The bank is anticipated to begin raising interest rates the following week. Since the beginning of the year, the euro has lost over 12% of its value against the dollar.

For most of its history, the euro has been more valuable than the dollar. After the currency’s debut in 1999, it lagged behind the dollar for some time, although the last time it did so was in December 2002, less than a year after the first euro notes and coins were issued.

Growing concerns that the 19 nations that use the euro would enter a recession have played a major role in the euro’s decline this year. Oil and gas costs have increased as a result of the crisis in Ukraine, harming both consumers and businesses in Europe.

Particularly, Russia’s recent reduction in natural gas supply has caused prices to soar and sparked worries about a complete cutoff that may force countries to limit energy to the industry in order to protect homes, schools, and hospitals. European politicians have criticized Moscow’s action as an effort to intimidate Europe into supporting Ukraine and accepting Western sanctions in response to Russia’s invasion.
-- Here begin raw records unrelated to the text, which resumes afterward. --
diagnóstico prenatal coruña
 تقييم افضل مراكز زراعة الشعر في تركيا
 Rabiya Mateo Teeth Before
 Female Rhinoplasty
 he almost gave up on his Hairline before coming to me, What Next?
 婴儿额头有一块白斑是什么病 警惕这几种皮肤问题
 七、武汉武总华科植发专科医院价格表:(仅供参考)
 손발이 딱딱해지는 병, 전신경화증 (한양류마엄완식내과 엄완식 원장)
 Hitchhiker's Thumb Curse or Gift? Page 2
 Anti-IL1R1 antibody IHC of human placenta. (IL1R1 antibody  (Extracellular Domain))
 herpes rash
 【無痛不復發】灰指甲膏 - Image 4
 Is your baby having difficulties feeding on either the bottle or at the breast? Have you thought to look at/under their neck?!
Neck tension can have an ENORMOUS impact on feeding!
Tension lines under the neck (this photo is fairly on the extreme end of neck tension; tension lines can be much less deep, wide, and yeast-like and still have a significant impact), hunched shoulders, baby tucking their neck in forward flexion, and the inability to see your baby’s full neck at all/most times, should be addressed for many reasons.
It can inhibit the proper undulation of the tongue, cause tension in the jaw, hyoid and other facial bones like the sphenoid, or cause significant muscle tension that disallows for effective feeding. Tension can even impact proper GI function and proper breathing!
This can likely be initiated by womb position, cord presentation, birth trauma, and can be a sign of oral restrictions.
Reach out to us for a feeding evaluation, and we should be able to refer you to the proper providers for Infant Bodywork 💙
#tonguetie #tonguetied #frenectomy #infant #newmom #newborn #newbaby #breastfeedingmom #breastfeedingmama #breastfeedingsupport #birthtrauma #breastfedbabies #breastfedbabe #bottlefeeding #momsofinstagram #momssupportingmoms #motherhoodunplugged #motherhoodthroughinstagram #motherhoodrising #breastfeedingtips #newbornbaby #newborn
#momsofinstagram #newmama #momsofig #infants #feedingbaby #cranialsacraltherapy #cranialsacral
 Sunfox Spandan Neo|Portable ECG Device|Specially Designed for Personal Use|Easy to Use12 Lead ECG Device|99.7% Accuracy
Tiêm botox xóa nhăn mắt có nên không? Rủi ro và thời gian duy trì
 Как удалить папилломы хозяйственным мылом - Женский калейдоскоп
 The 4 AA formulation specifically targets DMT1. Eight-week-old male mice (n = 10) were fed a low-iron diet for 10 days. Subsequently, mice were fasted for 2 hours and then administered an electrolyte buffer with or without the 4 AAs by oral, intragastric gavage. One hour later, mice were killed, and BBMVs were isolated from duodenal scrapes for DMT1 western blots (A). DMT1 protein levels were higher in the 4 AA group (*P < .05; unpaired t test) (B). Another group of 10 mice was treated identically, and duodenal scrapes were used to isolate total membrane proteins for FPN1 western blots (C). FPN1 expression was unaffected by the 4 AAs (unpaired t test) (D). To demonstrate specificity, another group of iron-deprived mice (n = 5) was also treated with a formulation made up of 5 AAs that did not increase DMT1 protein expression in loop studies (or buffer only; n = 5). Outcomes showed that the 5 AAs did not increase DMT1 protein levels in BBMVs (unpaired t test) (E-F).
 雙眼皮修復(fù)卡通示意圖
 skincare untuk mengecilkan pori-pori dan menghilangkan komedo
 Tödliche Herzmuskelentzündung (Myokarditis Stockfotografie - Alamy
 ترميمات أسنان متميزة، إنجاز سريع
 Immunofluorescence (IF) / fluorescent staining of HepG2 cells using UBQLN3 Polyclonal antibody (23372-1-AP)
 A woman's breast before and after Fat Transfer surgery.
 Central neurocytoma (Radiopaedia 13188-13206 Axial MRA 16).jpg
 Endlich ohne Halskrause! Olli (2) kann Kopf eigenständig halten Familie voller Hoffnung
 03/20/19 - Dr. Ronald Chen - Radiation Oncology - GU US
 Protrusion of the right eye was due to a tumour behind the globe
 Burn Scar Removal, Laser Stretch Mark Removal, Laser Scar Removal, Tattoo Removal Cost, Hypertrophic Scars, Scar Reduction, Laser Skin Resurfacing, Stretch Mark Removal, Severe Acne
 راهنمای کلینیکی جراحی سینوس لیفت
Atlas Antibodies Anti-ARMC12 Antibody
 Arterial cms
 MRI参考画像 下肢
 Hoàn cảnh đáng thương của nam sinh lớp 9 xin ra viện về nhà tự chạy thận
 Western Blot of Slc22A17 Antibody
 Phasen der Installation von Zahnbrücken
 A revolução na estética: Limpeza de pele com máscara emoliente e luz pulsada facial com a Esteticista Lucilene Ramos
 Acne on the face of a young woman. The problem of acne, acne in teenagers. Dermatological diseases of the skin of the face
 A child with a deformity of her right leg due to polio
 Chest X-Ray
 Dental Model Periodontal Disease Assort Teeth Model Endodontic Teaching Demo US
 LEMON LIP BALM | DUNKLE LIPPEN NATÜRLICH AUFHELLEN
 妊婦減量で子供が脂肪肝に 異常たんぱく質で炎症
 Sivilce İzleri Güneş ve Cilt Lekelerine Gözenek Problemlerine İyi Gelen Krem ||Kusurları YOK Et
At current rates of use, according to economists at Berenberg Bank, the additional gas bill would total 220 billion euros ($224 billion) over the course of a year, or a staggering 1.5 percent of the nation’s yearly economic output.

The United States, the world’s largest economy, is currently facing more uncertainty due to the strengthening of the currency. On the one hand, a stronger dollar lowers the price of imported goods for Americans and lessens inflationary pressures. but not by much.